Says Dialogue Is Key to Peace

Dialogue based on love and truth is the best recipe for achieving peace, says Benedict XVI.

The Pope affirmed this in a message to the World Conference on Dialogue, held in Madrid, Spain, and sponsored by the Mecca-based Muslim World League.

Cardinal Jean-Louis Tauran, president of the Pontifical Council for Interreligious Dialogue, who delivered the meeting’s closing address, transmitted the papal message to participants.

King Juan Carlos of Spain and spiritual representatives of virtually all religions attended the conference, held from July 16-18 and convoked by King Abdullah of Saudi Arabia.

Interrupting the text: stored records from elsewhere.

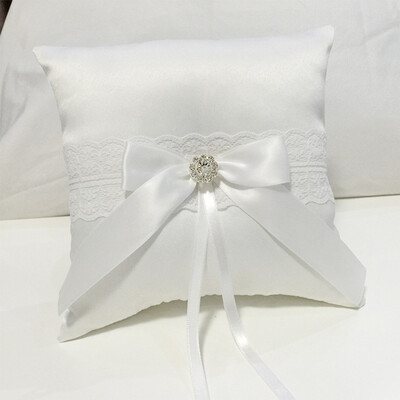 

Gobestart Wedding Ceremony Ring Bearer Pillow Cushion With Pearl Beaded Lace Silk 18x18cm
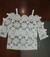 Blusa de renda branca na internet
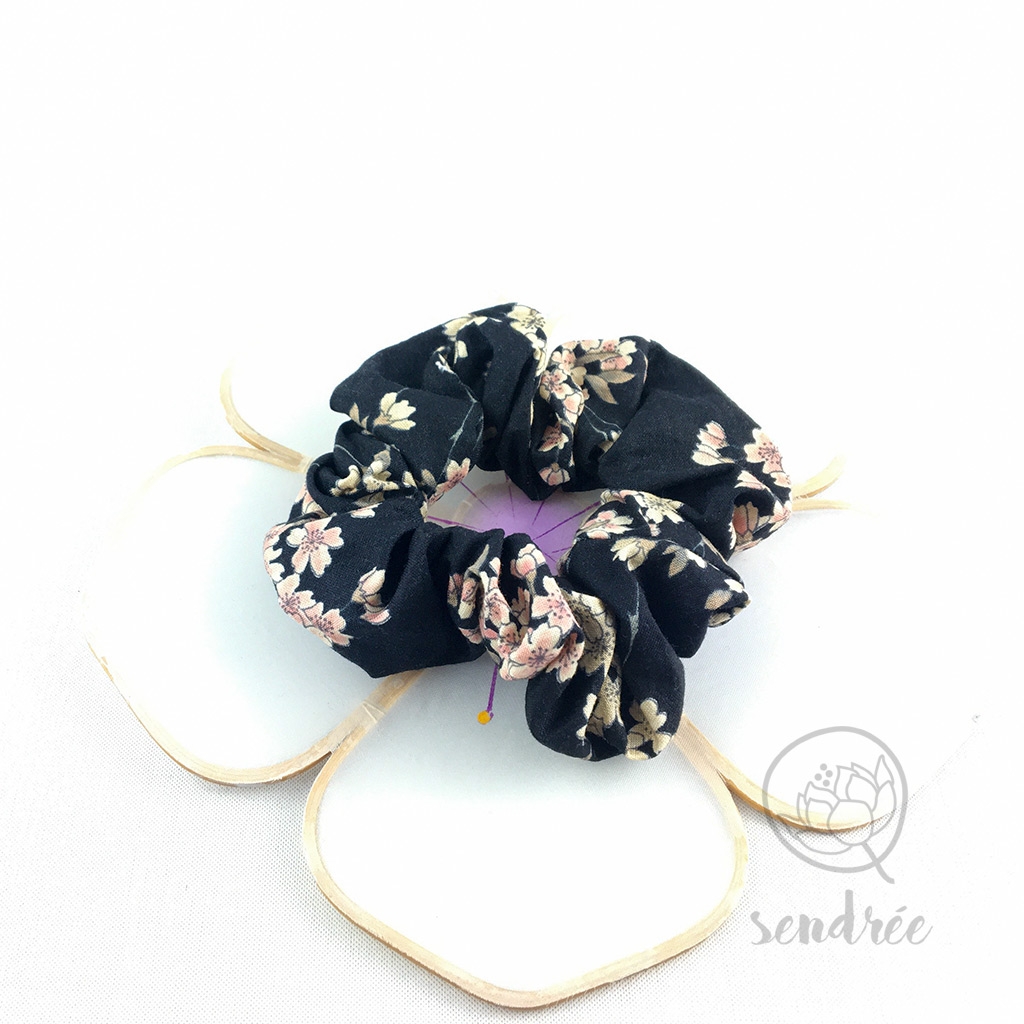 Chouchou sakura noir sendrée tissu japonais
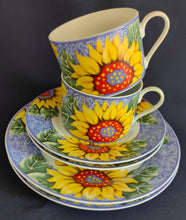 Lade das Bild in den Galerie-Viewer, 2er Set KAFFEETASSEN - Porzellan, Flora Sommer Sonnenblumen Blüten Motiv Dekor
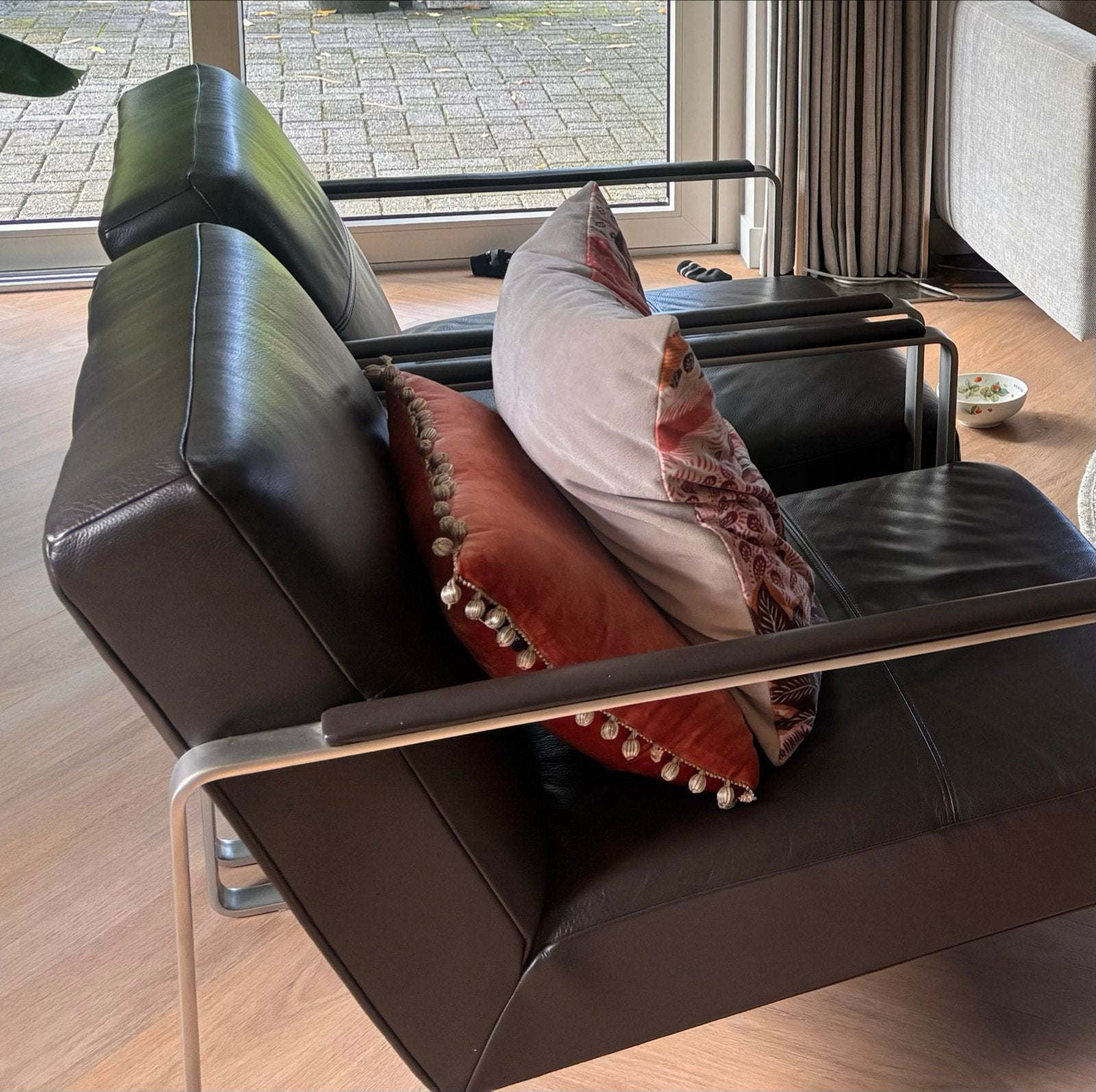 Twee BoConcept Ross leren fauteuils, zwart/bruin, Ophalen, Gebruikt, Leer, 75 tot 100 cm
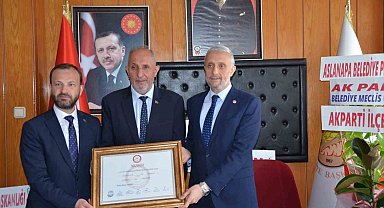Aslanapa Belediye Başkanı Necati Kulik, görevi Gökhan Gürel'den devraldı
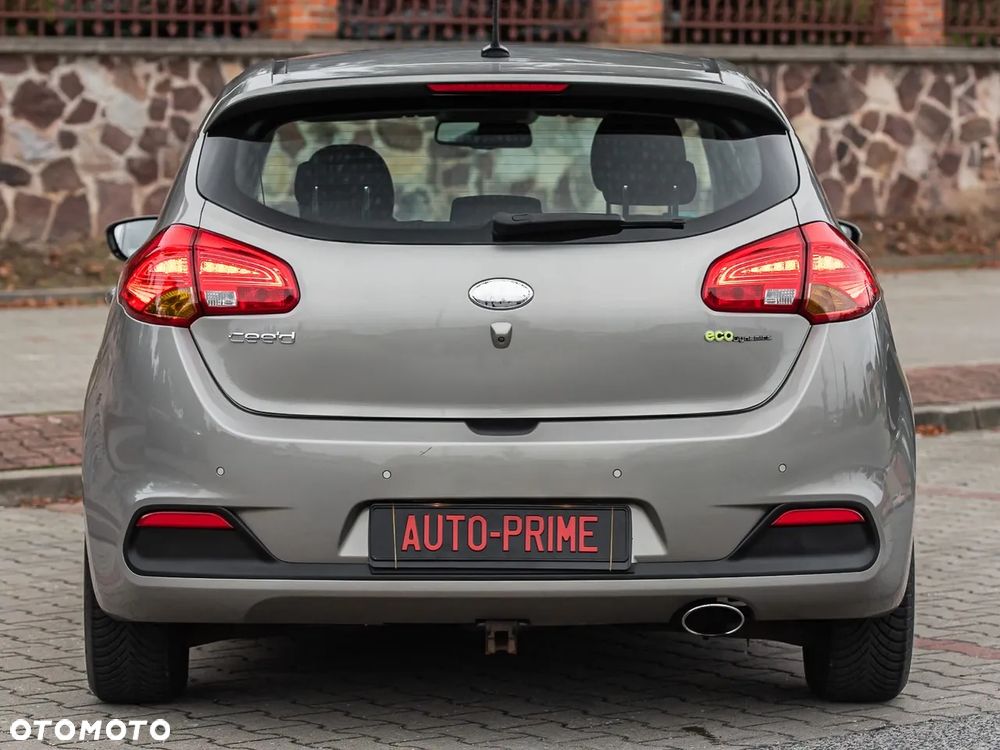 Kia Ceed 1.6 GDI Business Line - 12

In his address, the French cardinal expressed the Pope’s greeting to participants and said that the Holy Father believes "that dialogue between believers, based on love and truth, is the best way to contribute to the harmony, happiness and peace of the peoples of the earth."

Common Denominator

Cardinal Tauran added that King Abdullah was "courageous" in proposing that the conference focus on "our common denominators, namely, in profound faith in God and in the noble principles and lofty moral values that constitute the essence of religion."

"Over these days, it has been made clear that it is possible to meet, to look at one another face to face, to respect our respective creeds, and to learn a new way of engaging in dialogue," said the cardinal, as reported by L’Osservatore Romano. "We have stressed the numerous convictions we share: faith in the oneness of God author of life; responsibility to protect creation and the earth’s resources; the sacred character of the human person and his or her dignity, as well as the fundamental rights derived from it; the common concern to offer young people ethical and religious principles; the strength of love that all believers possess; and the centrality of natural law."

The cardinal shared two "personal considerations," inspired by this historic meeting.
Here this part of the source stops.